Dengan demikian Rumah Perkebunan Karet dapat dikatakan menjadi salah satu situs yang mengungkapkan berbagai aspek sejarah: aktivitas ekonomi, sosial dan budaya masyarakat Tangerang. Pada aspek ekonomi, rumah ini merupakan denyut kehidupan pertanian dan perkebunan di Tangerang. Di sisi lain, rumah ini menjadi bukti pluralisme kehidupan masyarakat Tangerang.
Detil Rumah Perkebunan Karet
1. Rumah Utama (arsitektur China).
Rumah utama menghadap ke sungai Cisadane, sekitar 100 meter dari sungai tersebut. Halaman depan terdapat sepasang patung singa, namun saat ini sudah hilang. Melalui halaman inilah terdapat pintu masuk menuju rumah utama.
Rumah utama terdiri atas tiga bagian, yaitu rumah depan, rumah tengah, dan rumah belakang. Pada sisi kanan dan kiri rumah utama terdapat bangunan paviliun dengan taman samping di setiap sisinya. Atap paviliun menggunakan desain pelana kuda.
Akulturasi dengan budaya setempat tampak dari keberadaan paseban/veranda di depan rumah utama tersebut. Sayang, aksi pembongkaran telah melenyapkan bagian paseban ini.
Sekilas denah rumah utama mirip dengan bangunan Chandranaya yang terletak di Jl.

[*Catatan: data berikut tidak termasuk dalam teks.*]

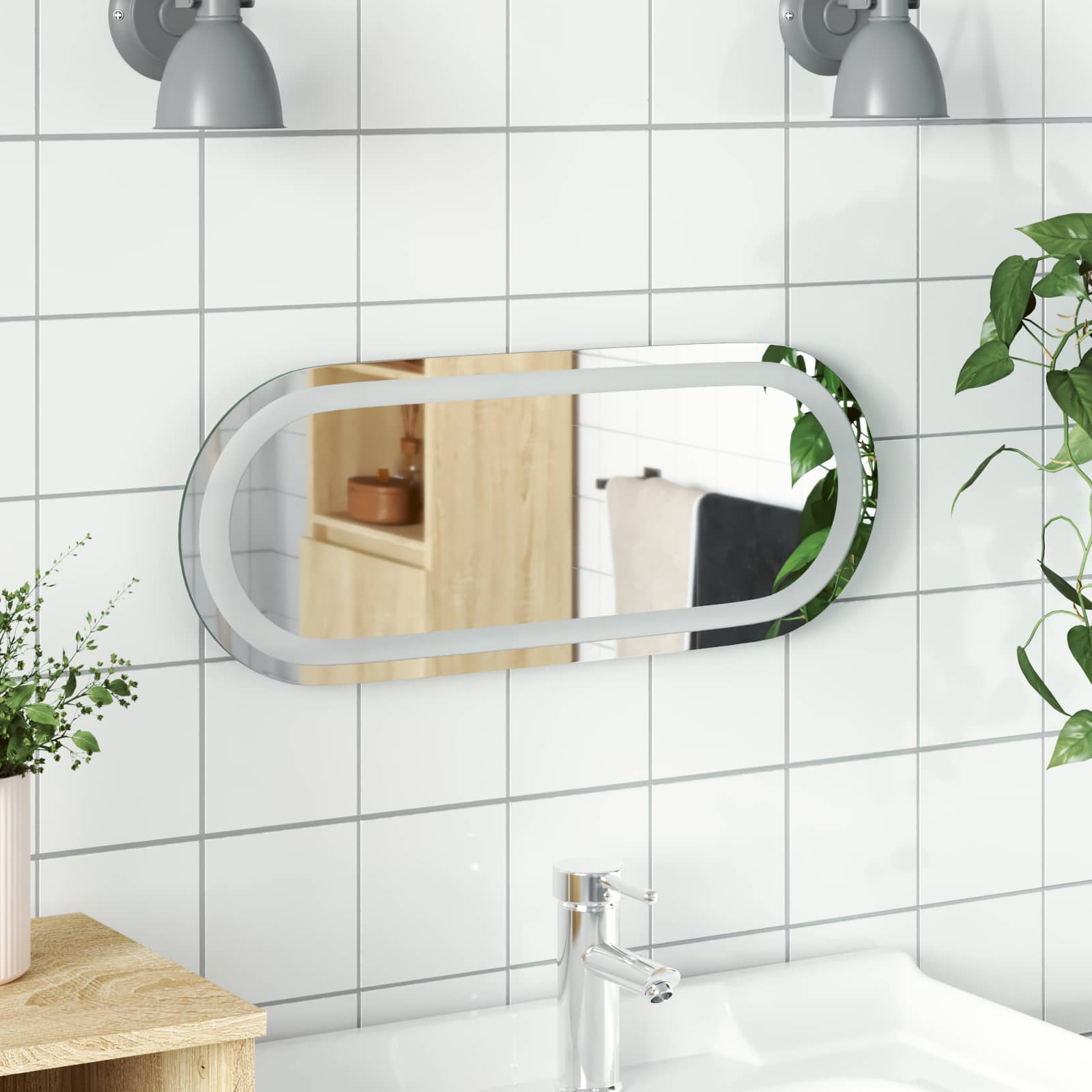 LED-Badezimmerspiegel Transparent 50 x 20 cm Gehärtetes Glas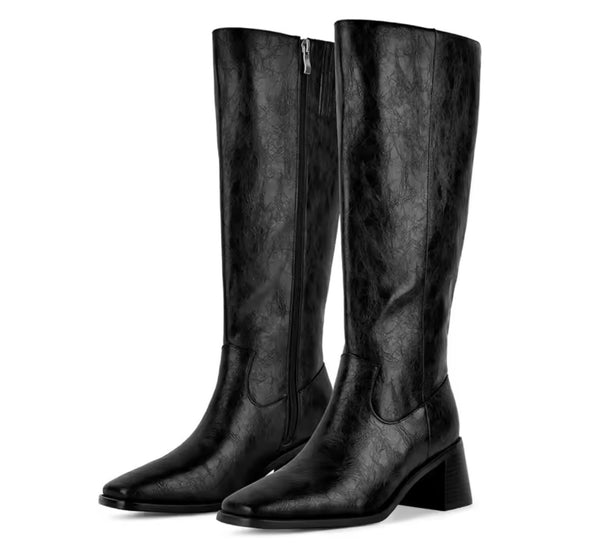 Women Fashion Pointed Toe Square Heel Knee High Boots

Gajah Mada, Jakarta Pusat.
2. Rumah Kedua (arsitektur Indische)
Rumah kedua mengadopsi arsitektur Indische. Gaya arsitektur ini mewarnai rumah-rumah tuan tanah pada periode 1790 – 1820: berveranda lebar dan panjang, berlantai satu, dan bergaya atap rumah-rumah di daerah Jawa (limas).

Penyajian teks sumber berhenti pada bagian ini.